Geography
- Location: 2 Bukit Batok Street 11, Singapore 659674, Singapore
- Coordinates: 1°20′58″N 103°44′31″E﻿ / ﻿1.349393°N 103.742083°E

Organisation
- Type: Community hospital
- Religious affiliation: Christian

History
- Founded: 18 October 1996; 29 years ago

Links
- Website: www.slh.org.sg
- Lists: Hospitals in Singapore

= St Luke's Hospital, Singapore =

Hospital in Singapore

St. Luke's Hospital is a community hospital in Singapore that provides professional healthcare services. It was named after the patron saint of the medical profession, St. Luke. St. Luke's Hospital for the Elderly Sick was registered as a voluntary welfare organization in the Registry of Societies in October 1991. It was renamed St. Luke's Hospital in September 2004 to signify the hospital's role as a community hospital while retaining its focus on geriatric care. The idea of setting up a community hospital was first mooted by a group of Christian doctors and nurses after a report from the Advisory Council on the Aged in 1988 raised important issues concerning the lack of adequate elderly care facilities in Singapore. A projection of the number of facilities and resources needed to provide adequate healthcare services to Singapore's aging population in 2030 revealed serious shortfalls. In response to the problem of inadequate healthcare facilities for the elderly, a group of 8 churches and Christian organizations including the Graduate Christian Fellowship and the Singapore Nurses' Christian Fellowship, came together to set up St. Luke's Hospital for the Elderly Sick. St. Luke's Hospital is headed by a board of directors and various committees that oversee the daily operations of the hospital.

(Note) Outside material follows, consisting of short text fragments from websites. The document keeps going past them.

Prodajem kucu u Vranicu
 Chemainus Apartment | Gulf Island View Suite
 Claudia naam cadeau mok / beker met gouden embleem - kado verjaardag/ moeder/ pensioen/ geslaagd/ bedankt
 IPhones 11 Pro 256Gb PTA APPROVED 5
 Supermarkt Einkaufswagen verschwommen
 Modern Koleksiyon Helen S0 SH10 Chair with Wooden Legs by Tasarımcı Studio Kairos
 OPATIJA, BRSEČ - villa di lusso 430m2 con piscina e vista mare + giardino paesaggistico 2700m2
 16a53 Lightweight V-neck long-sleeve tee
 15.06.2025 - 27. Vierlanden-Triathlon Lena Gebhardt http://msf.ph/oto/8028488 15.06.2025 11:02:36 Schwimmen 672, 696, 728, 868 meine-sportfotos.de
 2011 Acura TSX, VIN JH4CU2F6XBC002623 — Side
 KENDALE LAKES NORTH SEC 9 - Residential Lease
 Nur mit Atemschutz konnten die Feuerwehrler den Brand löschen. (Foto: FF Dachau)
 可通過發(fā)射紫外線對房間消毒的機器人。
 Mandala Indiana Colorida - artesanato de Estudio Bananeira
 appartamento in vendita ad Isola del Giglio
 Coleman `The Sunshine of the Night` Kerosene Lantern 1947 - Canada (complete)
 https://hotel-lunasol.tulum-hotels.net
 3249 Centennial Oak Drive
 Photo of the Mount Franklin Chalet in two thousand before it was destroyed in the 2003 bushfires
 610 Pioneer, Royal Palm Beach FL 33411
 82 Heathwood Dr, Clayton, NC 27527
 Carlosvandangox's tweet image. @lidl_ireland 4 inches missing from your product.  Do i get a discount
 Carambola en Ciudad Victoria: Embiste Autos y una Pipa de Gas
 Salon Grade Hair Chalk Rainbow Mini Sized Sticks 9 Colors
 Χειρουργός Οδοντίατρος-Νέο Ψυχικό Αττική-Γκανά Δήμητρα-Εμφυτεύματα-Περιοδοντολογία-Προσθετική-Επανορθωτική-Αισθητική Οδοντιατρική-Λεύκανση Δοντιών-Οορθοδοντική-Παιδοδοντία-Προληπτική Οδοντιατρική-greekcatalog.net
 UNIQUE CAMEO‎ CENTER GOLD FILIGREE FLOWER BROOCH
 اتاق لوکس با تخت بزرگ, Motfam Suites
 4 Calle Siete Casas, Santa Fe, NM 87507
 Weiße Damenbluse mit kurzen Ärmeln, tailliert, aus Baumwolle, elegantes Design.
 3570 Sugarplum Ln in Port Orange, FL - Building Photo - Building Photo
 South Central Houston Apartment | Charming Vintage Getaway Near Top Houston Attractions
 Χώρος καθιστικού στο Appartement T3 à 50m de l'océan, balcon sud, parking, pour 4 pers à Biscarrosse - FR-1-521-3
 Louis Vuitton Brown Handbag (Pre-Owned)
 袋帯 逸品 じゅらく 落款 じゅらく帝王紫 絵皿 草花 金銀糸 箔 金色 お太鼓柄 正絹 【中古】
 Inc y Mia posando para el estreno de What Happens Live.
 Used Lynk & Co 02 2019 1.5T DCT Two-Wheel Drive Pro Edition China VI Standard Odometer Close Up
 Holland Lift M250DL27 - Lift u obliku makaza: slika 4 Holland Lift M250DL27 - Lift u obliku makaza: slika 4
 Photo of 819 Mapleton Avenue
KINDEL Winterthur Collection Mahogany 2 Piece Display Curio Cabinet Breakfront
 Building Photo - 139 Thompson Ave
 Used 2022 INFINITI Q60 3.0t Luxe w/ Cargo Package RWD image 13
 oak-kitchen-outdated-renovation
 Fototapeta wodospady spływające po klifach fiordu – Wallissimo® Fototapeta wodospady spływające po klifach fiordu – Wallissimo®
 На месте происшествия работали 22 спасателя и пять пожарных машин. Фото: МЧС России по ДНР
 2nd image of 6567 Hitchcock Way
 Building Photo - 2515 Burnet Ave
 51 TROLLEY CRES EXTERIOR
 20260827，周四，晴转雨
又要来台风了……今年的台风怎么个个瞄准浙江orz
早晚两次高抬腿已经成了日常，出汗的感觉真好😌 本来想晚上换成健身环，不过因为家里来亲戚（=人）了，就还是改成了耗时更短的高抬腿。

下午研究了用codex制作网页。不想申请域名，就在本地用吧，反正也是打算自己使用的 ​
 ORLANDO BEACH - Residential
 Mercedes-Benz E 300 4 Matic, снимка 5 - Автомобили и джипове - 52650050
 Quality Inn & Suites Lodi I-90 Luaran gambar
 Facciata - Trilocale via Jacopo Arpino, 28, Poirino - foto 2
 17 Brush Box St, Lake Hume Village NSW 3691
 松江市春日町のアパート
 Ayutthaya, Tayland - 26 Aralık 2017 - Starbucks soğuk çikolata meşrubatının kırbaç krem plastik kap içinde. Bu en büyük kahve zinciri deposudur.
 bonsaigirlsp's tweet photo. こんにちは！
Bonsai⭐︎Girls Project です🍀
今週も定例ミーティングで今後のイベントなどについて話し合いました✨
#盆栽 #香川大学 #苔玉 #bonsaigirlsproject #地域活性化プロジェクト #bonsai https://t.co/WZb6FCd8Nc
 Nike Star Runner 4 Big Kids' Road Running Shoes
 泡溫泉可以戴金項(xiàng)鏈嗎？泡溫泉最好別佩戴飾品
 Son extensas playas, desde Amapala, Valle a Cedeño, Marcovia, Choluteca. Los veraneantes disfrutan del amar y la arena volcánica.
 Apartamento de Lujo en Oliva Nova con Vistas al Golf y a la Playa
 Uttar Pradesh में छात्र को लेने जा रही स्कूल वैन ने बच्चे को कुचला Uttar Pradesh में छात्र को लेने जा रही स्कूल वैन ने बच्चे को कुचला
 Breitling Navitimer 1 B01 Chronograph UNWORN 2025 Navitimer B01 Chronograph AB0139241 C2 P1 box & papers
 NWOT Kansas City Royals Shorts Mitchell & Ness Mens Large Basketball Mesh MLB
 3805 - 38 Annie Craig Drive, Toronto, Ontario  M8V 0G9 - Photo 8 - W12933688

==Opposition to the construction of St Luke's Hospital==
The groundbreaking ceremony for St Luke's Hospital took place on 6 March 1993 at the 0.78 ha site along Bukit Batok Street 11. Minister of Parliament (MP) for Bukit Batok and patron of the hospital Dr. Ong Chit Chung officiated at the ground-breaking ceremony. Dr. Ong was also the parliament secretary for Home Affairs and Labor. At the ceremony, several residents staying in Block 160, which was 30 m away from the hospital site, approached journalists to voice their concerns over the construction of the community hospital. The residents expressed concerns over the potential transmission of germs from the sick patients to their children. Also, there were concerns that the resale value of their homes would go down should the hospital be built. Officials from the Ministry of Health (MOH) reassured the residents that the hospital facilities would not pose a health threat to the neighborhood. They also reaffirmed that the patients in St. Luke's will be warded for non-infectious diseases like high blood pressure, stroke, or rheumatism.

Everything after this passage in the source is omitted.